• [MATERIAL FOR THIS TASK]

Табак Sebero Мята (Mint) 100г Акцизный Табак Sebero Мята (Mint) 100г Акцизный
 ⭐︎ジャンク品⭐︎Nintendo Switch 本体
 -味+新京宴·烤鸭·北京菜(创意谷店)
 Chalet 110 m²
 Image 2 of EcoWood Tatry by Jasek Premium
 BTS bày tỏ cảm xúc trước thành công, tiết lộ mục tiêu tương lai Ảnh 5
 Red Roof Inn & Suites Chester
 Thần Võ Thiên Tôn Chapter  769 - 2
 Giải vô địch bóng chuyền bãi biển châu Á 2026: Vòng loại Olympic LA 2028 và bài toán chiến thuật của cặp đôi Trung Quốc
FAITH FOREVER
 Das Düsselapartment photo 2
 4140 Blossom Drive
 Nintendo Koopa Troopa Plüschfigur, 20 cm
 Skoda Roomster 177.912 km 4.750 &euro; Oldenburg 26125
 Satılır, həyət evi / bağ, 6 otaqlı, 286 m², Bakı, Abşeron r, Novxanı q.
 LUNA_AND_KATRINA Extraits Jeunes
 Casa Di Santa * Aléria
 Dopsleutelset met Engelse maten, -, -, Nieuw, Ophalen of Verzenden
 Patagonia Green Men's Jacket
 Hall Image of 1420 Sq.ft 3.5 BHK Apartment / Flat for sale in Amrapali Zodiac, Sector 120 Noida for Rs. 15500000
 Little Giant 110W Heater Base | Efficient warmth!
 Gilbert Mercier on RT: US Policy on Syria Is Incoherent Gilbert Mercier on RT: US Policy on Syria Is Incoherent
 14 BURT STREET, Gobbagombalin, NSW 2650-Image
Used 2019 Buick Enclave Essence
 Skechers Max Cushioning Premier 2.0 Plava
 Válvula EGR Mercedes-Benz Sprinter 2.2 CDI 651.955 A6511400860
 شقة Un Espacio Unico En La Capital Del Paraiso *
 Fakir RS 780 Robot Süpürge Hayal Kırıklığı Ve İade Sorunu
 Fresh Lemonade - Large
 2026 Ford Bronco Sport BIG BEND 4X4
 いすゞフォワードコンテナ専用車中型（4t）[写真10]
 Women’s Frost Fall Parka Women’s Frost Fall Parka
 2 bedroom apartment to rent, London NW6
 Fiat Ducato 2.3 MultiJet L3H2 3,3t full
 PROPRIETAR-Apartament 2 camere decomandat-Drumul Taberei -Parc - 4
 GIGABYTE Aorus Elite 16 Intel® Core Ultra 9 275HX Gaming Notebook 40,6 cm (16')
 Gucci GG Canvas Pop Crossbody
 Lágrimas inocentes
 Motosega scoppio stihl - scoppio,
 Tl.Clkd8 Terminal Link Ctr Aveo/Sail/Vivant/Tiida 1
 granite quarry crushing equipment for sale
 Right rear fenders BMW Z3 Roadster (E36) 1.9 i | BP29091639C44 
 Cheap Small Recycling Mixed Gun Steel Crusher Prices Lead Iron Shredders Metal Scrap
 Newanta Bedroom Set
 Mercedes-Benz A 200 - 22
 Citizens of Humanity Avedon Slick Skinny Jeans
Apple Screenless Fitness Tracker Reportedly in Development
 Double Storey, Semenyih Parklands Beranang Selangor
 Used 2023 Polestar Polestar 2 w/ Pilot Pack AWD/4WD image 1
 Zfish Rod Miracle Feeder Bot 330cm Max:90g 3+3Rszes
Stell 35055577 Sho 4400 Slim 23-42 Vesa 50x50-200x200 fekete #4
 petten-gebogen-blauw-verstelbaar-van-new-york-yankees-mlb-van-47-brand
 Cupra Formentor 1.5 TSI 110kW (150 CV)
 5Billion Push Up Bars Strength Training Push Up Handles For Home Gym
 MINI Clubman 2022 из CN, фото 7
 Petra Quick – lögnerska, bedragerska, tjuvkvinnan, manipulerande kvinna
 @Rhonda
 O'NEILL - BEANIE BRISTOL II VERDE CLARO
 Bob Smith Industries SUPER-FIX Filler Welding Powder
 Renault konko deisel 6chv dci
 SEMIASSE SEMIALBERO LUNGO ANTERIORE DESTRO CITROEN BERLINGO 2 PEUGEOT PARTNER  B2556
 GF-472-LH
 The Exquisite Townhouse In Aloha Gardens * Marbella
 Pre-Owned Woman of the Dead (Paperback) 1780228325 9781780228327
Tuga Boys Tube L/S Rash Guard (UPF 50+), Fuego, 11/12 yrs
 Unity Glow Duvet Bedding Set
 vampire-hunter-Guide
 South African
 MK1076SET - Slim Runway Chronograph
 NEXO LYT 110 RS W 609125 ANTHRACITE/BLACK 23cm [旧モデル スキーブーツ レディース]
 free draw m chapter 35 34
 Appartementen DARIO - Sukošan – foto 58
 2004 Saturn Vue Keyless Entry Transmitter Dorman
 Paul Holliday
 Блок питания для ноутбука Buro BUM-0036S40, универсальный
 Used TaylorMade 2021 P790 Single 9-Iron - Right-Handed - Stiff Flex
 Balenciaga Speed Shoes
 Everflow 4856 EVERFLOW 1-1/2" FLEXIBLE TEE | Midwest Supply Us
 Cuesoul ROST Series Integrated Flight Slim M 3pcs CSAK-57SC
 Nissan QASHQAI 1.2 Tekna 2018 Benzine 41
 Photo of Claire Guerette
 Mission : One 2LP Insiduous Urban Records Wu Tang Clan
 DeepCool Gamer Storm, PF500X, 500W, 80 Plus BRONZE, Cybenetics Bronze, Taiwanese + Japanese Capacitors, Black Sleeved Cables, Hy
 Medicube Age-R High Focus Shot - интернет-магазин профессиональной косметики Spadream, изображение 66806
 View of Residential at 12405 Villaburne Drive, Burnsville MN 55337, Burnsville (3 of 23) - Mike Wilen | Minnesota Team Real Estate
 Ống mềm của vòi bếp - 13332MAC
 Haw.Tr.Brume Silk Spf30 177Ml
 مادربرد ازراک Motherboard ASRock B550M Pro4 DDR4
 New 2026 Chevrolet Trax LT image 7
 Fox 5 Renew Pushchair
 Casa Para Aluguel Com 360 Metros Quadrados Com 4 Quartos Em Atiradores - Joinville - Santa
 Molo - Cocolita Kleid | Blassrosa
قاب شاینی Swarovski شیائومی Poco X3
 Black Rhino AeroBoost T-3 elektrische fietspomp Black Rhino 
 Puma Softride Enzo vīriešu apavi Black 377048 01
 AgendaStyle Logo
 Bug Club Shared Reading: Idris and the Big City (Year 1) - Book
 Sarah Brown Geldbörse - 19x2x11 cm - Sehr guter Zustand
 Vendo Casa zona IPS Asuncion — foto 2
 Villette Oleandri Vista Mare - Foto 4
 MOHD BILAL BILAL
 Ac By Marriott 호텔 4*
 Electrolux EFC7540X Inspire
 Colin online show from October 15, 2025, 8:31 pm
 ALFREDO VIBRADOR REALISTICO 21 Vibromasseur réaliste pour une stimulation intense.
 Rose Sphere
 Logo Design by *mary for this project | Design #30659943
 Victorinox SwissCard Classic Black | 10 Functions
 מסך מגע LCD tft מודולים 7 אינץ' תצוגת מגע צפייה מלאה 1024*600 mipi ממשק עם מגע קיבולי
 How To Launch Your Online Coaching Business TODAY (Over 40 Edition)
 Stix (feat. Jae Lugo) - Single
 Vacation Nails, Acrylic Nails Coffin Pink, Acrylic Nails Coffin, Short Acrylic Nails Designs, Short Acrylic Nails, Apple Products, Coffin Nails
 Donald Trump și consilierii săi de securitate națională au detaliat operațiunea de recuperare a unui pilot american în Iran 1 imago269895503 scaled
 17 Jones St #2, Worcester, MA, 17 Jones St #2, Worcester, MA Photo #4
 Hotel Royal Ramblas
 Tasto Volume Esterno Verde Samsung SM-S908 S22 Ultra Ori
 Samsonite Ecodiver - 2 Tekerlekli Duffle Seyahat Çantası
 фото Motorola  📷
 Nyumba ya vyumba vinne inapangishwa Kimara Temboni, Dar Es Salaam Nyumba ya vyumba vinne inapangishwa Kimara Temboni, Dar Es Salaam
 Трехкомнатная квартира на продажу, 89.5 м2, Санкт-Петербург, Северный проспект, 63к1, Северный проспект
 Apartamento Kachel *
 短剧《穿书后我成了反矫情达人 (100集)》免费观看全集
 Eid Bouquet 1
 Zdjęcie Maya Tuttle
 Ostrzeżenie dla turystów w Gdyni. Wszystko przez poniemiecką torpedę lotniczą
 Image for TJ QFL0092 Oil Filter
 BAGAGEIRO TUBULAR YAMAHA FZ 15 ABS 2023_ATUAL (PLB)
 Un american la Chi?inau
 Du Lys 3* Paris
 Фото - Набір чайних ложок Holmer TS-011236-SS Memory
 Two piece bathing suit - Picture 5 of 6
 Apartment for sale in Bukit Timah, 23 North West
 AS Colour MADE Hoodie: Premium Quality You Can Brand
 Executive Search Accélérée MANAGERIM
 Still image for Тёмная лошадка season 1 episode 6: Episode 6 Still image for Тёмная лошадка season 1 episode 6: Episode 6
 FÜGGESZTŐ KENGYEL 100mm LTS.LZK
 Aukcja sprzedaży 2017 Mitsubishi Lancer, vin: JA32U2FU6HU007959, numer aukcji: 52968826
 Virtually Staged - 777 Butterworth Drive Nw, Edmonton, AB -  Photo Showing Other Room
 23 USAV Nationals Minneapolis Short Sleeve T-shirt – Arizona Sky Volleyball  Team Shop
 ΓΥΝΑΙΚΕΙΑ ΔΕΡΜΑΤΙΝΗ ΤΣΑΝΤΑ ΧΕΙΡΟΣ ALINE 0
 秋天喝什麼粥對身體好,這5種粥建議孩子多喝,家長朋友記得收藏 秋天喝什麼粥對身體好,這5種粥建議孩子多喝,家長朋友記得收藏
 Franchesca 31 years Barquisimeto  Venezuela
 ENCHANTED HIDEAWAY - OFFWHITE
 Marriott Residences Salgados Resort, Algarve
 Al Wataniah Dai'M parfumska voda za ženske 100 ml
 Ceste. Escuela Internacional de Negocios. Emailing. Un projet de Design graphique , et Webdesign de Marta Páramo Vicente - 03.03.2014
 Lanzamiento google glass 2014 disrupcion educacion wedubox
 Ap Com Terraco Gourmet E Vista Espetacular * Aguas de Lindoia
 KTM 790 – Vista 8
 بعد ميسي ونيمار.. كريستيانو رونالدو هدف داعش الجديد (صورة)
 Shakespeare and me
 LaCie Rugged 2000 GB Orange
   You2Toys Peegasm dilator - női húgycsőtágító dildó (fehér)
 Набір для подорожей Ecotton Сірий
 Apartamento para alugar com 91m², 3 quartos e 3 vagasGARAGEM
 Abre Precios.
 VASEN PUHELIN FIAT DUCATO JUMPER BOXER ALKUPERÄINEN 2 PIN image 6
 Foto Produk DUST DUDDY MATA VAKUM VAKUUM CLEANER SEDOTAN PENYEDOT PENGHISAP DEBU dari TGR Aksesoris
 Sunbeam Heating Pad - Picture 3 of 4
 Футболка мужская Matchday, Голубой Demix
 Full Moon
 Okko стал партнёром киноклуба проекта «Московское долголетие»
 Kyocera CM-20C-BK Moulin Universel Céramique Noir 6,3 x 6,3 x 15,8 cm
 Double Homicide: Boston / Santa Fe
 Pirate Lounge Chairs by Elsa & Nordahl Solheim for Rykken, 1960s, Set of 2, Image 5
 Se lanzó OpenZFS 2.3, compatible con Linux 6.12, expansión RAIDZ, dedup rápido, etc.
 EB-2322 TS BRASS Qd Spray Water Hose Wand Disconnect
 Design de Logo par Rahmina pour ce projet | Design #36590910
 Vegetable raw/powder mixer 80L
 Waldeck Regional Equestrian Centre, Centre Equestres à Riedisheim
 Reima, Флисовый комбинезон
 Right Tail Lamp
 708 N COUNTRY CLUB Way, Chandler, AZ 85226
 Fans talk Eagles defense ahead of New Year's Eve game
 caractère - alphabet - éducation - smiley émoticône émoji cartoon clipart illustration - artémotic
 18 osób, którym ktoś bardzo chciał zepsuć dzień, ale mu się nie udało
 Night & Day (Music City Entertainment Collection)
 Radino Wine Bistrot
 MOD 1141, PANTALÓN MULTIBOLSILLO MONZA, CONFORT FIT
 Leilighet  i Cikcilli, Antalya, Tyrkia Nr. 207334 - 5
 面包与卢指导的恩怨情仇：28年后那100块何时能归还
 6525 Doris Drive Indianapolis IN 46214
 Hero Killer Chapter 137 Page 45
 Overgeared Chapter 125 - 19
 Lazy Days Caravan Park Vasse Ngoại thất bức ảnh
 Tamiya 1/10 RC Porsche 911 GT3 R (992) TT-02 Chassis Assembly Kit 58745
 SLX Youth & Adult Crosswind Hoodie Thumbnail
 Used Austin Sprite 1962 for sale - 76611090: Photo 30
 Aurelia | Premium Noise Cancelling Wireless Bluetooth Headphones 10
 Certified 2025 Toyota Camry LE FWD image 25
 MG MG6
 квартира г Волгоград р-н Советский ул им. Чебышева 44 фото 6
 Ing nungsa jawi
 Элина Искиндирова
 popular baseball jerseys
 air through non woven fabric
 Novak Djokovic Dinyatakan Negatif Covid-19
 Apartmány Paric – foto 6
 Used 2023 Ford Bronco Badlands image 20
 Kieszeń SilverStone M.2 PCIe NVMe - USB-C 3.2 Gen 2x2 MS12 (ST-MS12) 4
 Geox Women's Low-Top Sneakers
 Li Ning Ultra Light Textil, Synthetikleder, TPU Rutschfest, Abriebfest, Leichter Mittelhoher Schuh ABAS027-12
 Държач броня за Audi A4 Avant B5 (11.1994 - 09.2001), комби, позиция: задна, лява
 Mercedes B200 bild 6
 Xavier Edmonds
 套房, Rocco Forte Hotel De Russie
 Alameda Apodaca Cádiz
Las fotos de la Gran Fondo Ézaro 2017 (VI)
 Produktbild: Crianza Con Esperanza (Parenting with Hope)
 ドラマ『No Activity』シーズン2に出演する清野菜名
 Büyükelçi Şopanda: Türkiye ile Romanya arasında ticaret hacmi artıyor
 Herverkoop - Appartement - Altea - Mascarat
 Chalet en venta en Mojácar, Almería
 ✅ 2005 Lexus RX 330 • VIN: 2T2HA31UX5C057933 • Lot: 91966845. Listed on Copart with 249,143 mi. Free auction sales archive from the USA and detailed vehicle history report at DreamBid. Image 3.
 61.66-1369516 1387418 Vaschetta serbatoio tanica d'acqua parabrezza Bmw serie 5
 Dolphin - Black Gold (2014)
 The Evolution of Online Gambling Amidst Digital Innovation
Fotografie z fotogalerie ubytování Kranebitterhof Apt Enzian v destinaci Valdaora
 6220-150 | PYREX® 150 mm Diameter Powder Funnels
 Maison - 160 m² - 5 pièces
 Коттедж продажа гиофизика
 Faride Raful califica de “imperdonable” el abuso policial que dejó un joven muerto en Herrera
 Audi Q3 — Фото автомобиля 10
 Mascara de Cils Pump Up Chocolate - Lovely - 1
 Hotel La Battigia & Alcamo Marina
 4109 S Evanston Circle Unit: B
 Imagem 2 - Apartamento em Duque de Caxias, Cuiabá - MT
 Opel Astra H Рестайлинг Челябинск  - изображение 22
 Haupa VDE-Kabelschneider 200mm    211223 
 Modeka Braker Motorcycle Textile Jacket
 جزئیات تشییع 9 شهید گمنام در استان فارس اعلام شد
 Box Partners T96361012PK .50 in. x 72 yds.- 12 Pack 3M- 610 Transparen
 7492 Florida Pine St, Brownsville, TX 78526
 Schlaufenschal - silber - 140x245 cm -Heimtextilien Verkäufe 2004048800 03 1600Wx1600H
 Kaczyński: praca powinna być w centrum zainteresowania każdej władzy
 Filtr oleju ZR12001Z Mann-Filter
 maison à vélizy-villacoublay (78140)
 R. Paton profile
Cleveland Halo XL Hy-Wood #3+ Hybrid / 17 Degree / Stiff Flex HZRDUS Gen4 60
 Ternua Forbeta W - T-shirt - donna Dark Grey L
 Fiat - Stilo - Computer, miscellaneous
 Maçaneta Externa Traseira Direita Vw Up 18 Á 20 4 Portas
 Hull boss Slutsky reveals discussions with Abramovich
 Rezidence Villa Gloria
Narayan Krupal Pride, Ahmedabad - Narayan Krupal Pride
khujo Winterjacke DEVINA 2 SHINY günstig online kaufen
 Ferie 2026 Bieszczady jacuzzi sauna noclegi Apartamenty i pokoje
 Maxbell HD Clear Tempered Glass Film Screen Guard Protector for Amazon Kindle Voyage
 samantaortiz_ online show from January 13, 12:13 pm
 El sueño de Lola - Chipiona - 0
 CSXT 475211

• [AIM OF THE TASK] Everything starting at the line containing "Элина Искиндирова" and ending at the line containing "Geox Women's Low-Top Sneakers" in the records above should be repeated exactly, and only that.

• [EXERCISE RESULT]
 Элина Искиндирова
 popular baseball jerseys
 air through non woven fabric
 Novak Djokovic Dinyatakan Negatif Covid-19
 Apartmány Paric – foto 6
 Used 2023 Ford Bronco Badlands image 20
 Kieszeń SilverStone M.2 PCIe NVMe - USB-C 3.2 Gen 2x2 MS12 (ST-MS12) 4
 Geox Women's Low-Top Sneakers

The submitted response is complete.